The solution of the market model with its close to 750.000 equations of which some are highly non-linear poses a serious challenge for any non-linear solver. CAPRI applies CONOPT which has proven quite stable and fast to solve both constrained system and optimization problems. However, even CONOPT would spend quite some time when trying to solve the full market model in one block after a larger shock is introduced.
Therefore, a sequence of pre-solves is introduced (see ‘arm\simu_prestep.gms’). Firstly, single commodity models are defined by only allowing changes of the endogenous variables of one commodity in the equation template. Cross prices and their effects on quantities for variables related to the current market are hence fixed. These relatively small models can typically be solved rapidly by the solver, and are solved in parallel based on the so-called “grid solve option” in GAMS. That process is repeated a few times, each time updating the cross prices, to let differences between the single models and the full system decrease.
As a next step, the single products are clustered to groups where larger cross price effects can be expected, such as all cereals or all oilseeds. Again, these groups are solved repeatedly, in each round with updated cross-prices, to close in to the final solution. The full system is only solved at the very end.
Heuristics track the time needed for these solves and determine if it looks promising to skip solving single commodity and start with solving the groups or even the full model directly. The solution time of the model clearly depends on the hardware platform the models runs, but the heuristics do not take that into account.
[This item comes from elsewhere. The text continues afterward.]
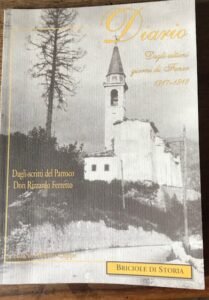 DIARIO DEGLI ULTIMI GIORNI DI FENER 1917-1918 DAGLI SCRITTI DEL …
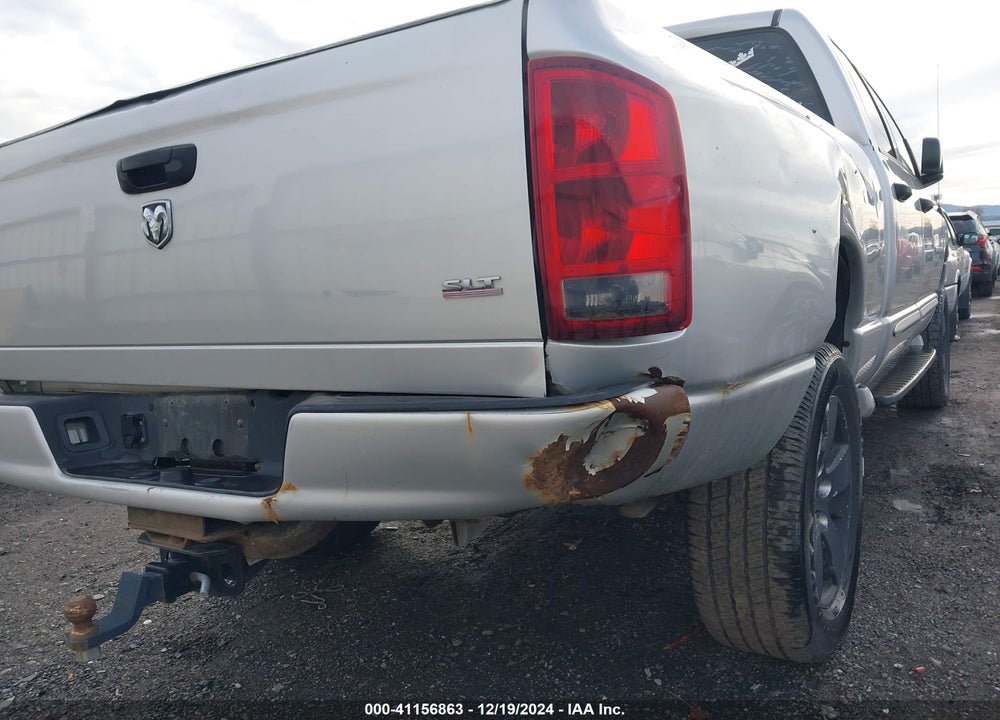 2005 DODGE RAM 1500 SLT/LARAMIE VIN: 1D7HA18D35J639168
Accordingly, it cannot be guaranteed that the model finds exactly the same solution in a scenario on different machines.
Another problem possible problem beside long solution times is the occurrence of infeasibilities. Bounds are generally introduced for all endogenous variables to avoid numerical errors such as a division by zero. Bounds also help the solver in the solution process. However, they might also restrict the solution space so that no feasible solution exists. The CES functions for the Armington might as a response to a larger price shocks – e.g. provoked by removal of very large tariffs – drive trade flows almost to zero towards their lower bounds. Once that bounds are hit, the equation system is not longer symmetric as a new constraint becomes binding, and typically, the system will become infeasibility. If one would have the time to inspect the solution, one might perhaps accept that if the infeasibility is small and found only for that CES share equation. It is however generally impossible to leave it up to the model user to decide if she accepts infeasibility solutions or not, simply as there is simply not enough time to check these infeasibilities.
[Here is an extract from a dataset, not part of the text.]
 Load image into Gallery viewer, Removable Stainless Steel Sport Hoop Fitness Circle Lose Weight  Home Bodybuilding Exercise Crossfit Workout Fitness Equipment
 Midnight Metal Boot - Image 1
Fortunately, CONOPT helps us with in that case as it uses a gradient approach to reduce the sum of infeasibilities. It therefore introduces an objective into our problem, does also adding dual values to the constraints. We hence can inspect automatically the solution to find out which bounds carry a shadow values – removing these bounds will reduce the sum of infeasibilities. There is hence code (‘arm\widen_bounds.gms’) which in case of a infeasible solution will check which bounds carry dual values and will expand those stepwise. That proceeding generally guarantees that for most shocks, the market model finds a feasible solution.